Segment Open

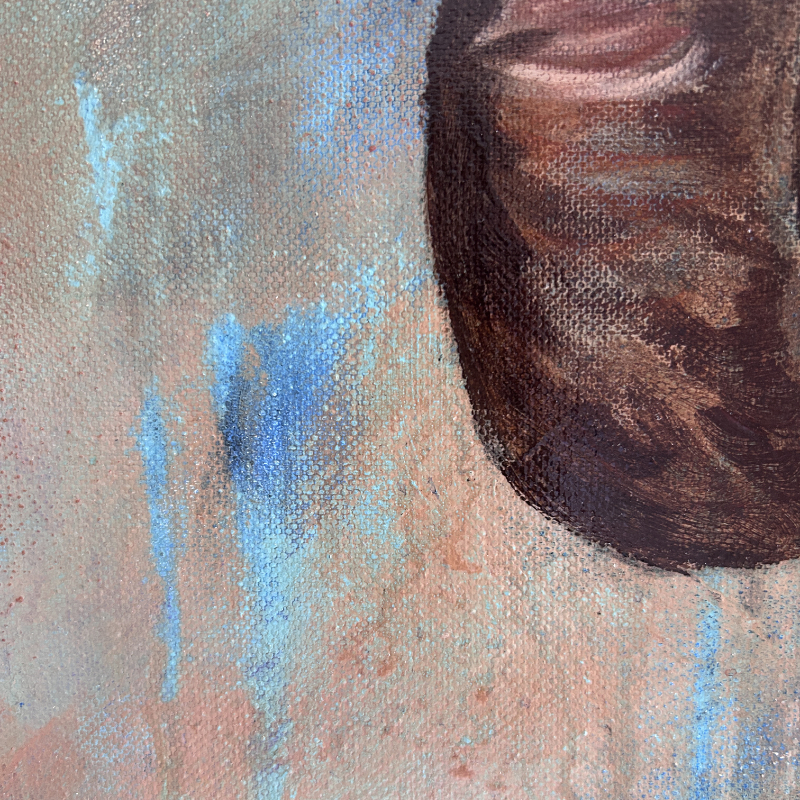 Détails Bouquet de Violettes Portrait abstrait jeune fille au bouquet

Segment Closed
Segment Open

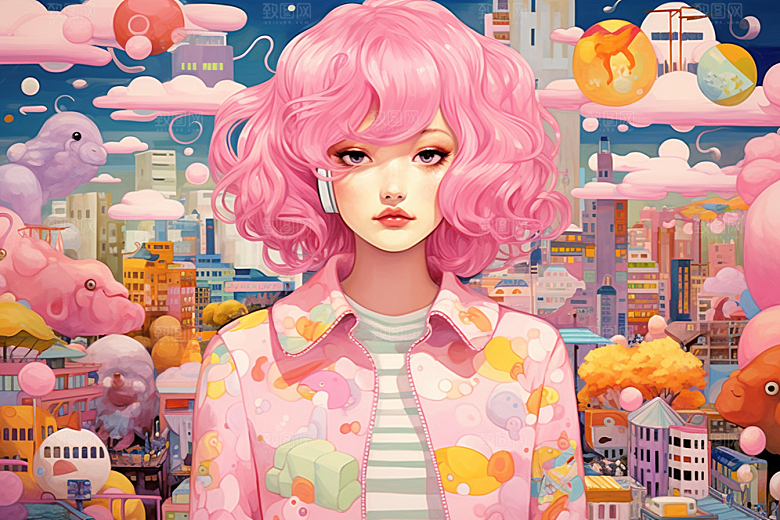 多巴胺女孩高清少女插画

Segment Closed
Segment Open

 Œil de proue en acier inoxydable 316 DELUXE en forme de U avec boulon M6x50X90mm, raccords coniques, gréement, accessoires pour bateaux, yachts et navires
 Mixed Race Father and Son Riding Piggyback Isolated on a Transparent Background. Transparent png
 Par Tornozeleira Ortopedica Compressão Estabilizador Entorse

Segment Closed

§ **PROBLEM TO WORK ON**: Here the job is to set down exactly the lines of the material above that fall between the one with "Mixed Race Father" and the one with "Par Tornozeleira Ortopedica", inclusive, and nothing beyond them.

§ **RESULT**:
 Mixed Race Father and Son Riding Piggyback Isolated on a Transparent Background. Transparent png
 Par Tornozeleira Ortopedica Compressão Estabilizador Entorse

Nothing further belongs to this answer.